*Exercise brief*: Copy all the lines of the listing below exactly. Skip the images.

(Dataset entries begins)

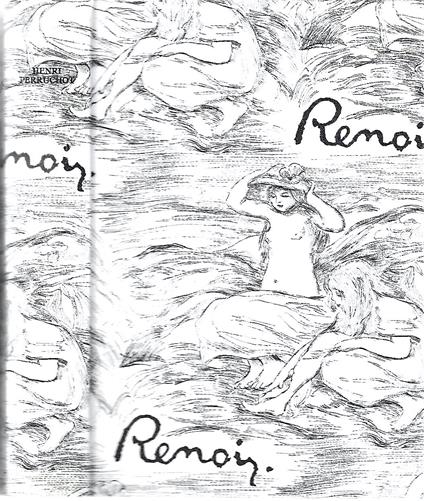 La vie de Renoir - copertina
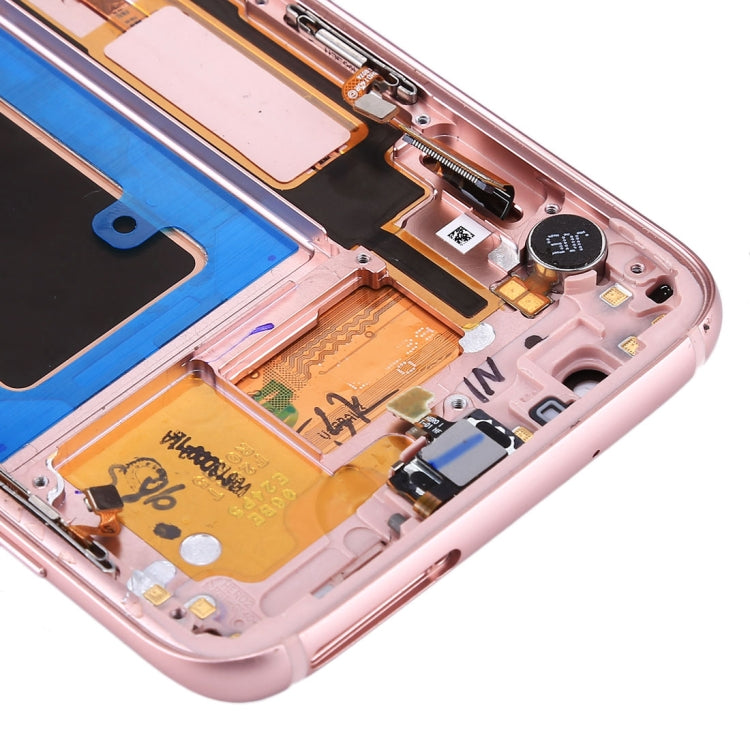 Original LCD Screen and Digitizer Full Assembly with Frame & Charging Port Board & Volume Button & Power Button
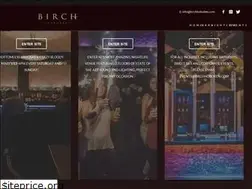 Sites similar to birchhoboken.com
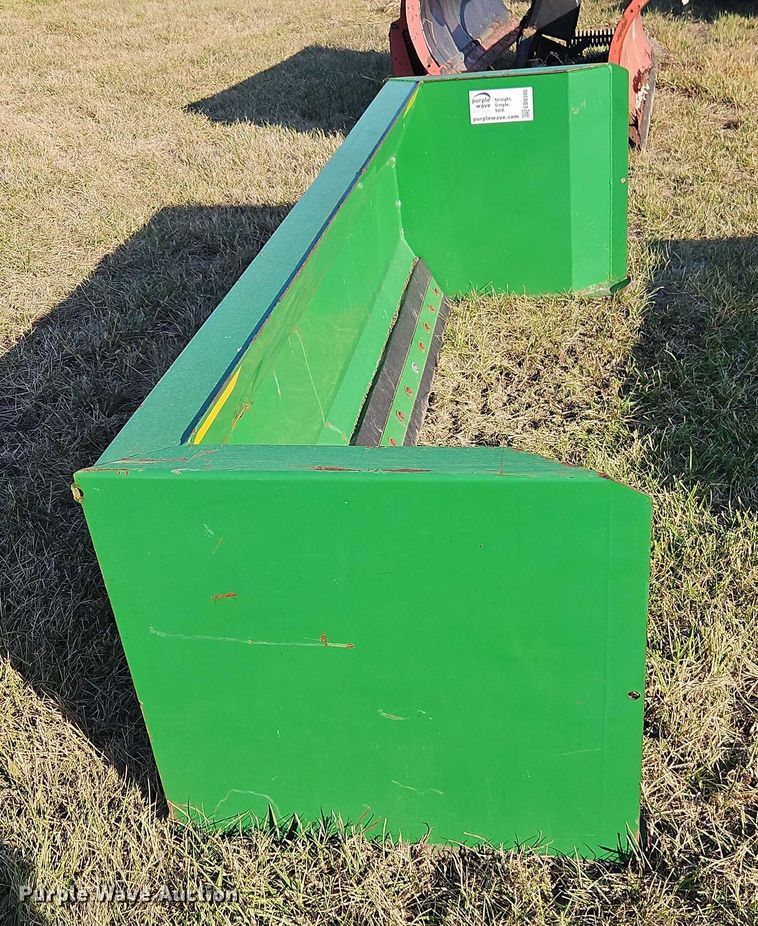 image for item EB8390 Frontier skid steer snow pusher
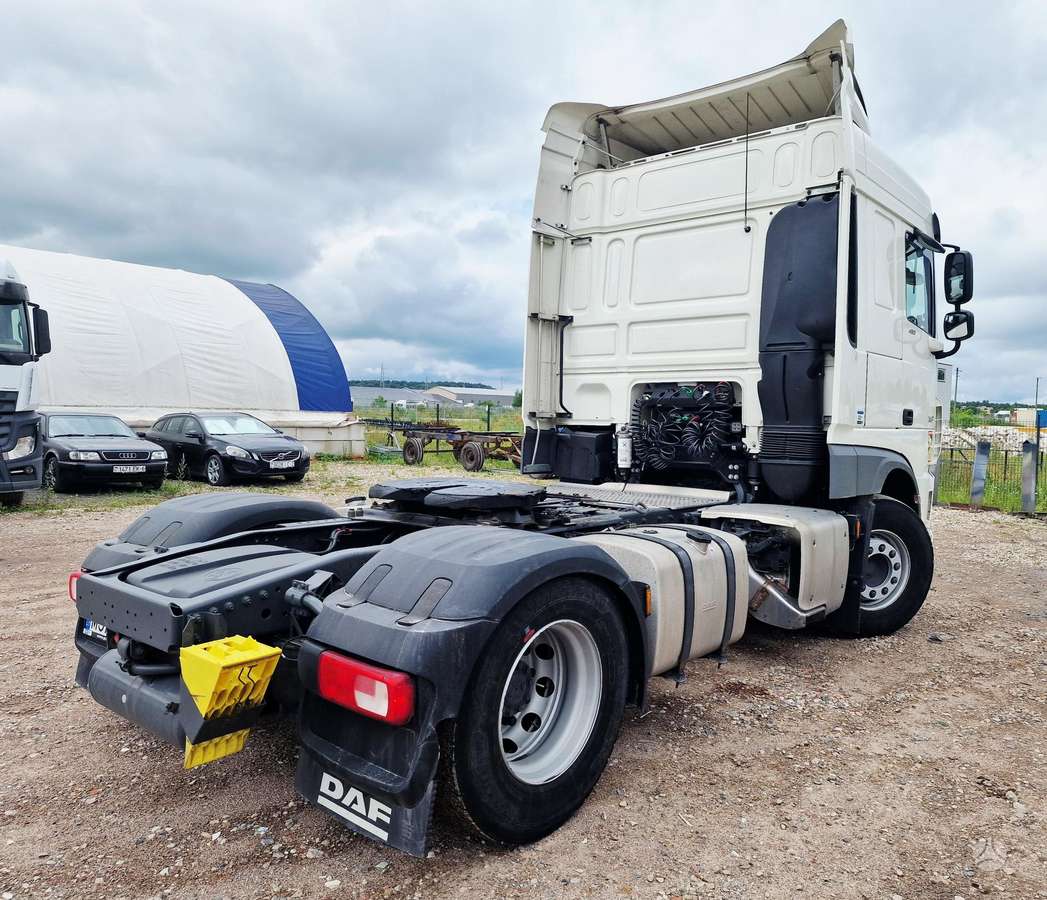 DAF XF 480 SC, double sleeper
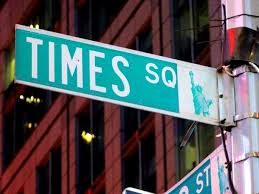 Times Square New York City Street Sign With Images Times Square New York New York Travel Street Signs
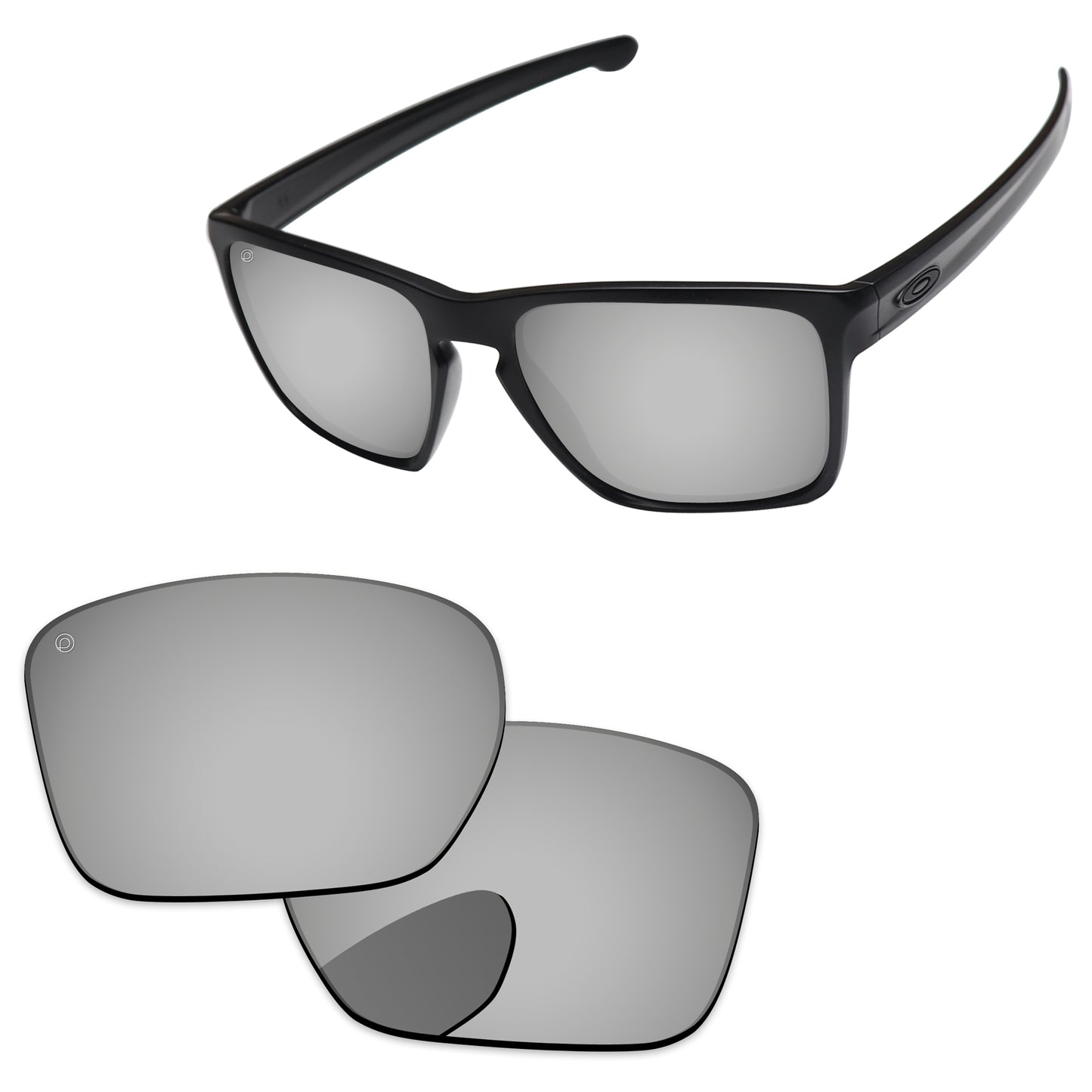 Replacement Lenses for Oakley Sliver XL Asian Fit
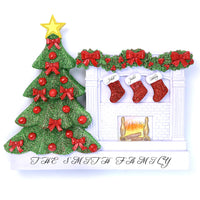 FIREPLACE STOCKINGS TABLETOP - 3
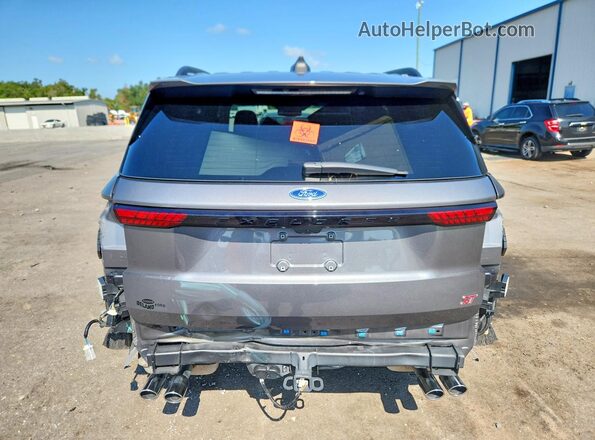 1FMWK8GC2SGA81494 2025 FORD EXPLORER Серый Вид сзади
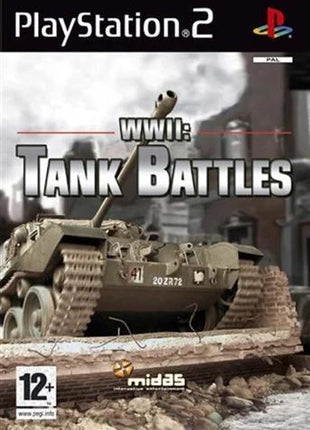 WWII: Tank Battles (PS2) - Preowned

(Dataset entries ends)

*Your response*:
 La vie de Renoir - copertina
 Original LCD Screen and Digitizer Full Assembly with Frame & Charging Port Board & Volume Button & Power Button
 Sites similar to birchhoboken.com
 image for item EB8390 Frontier skid steer snow pusher
 DAF XF 480 SC, double sleeper
 Times Square New York City Street Sign With Images Times Square New York New York Travel Street Signs
 Replacement Lenses for Oakley Sliver XL Asian Fit
 FIREPLACE STOCKINGS TABLETOP - 3
 1FMWK8GC2SGA81494 2025 FORD EXPLORER Серый Вид сзади
 WWII: Tank Battles (PS2) - Preowned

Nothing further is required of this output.